Un singe à Poitiers

La sépulture d’un petit singe a été découverte en 2012 sur le site des Caillons, au sein d’une nécropole familiale de la fin du IIIe siècle. Bien que la tombe soit modeste, le simple fait que cet animal ait été enterré dans l’enclos funéraire lui confère le statut de membre à part entière de la familia.

Il s’agit d’un singe à longue queue. L’étude en cours de son ADN permettra de déterminer son espèce précise. Les premières observations du squelette et des dents attestent qu’il avait atteint l’âge adulte lors de son décès.

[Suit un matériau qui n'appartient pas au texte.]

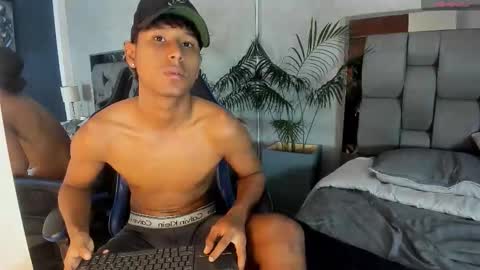 Hudson Beasley online show from 10-21-25, 01:12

La littérature latine aussi bien que la fréquence de sa représentation dans les décors de mosaïques, les fresques ou les décors de différents objets indiquent que le singe était un animal de compagnie très prisé dans les familles aisées ; on le trouvait également chez certains commerçants, dans la compagnie des saltimbanques, ou encore comme mascotte dans les garnisons. Cependant, les recherches archéologiques portant sur le monde romain n’ont jusqu’à présent identifié que sept autres exemples de singes domestiques.

La nécropole des Caillons (site 29)

La nécropole des Caillons (site 29)

Enclos funéraire de la rue des Caillons (site 29). On aperçoit, au premier plan, la sépulture du petit singe et, juste derrière, la grande fosse oblongue qui devait abriter le sarcophage du propriétaire de l’enclos ou de l’un de ses proches. Les autres fosses oblongues, dedans et à l’extérieur, correspondent aux tombes présentes avant la construction du monument.

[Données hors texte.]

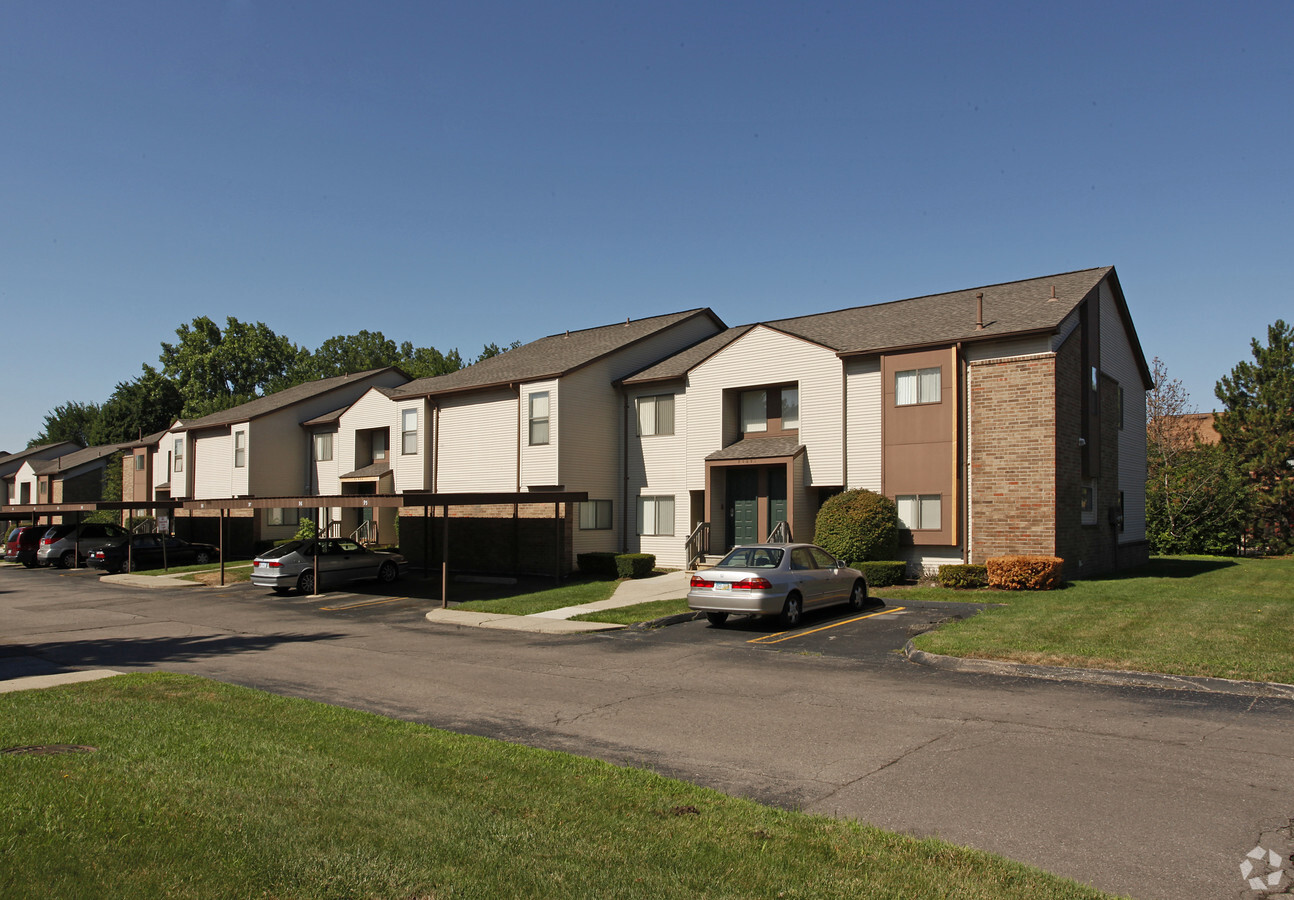 Woodcrest Apartments - Woodcrest Apartments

Jusqu’au milieu du IIIe siècle, la zone située entre la ville antique de Limonum et le Clain semble être restée non bâtie. Puis un ensemble funéraire est implanté en rive gauche de la rivière. Un petit édifice d’environ 1 m² pourrait en avoir été la première sépulture ; il abritait des cendres, répandues dans la niche centrale de la construction, scellée par une simple dalle en terre cuite.

Durant la seconde moitié du IIIe siècle, une cinquantaine de tombes sont installées à proximité. Elles pourraient appartenir  au même groupe « familial ».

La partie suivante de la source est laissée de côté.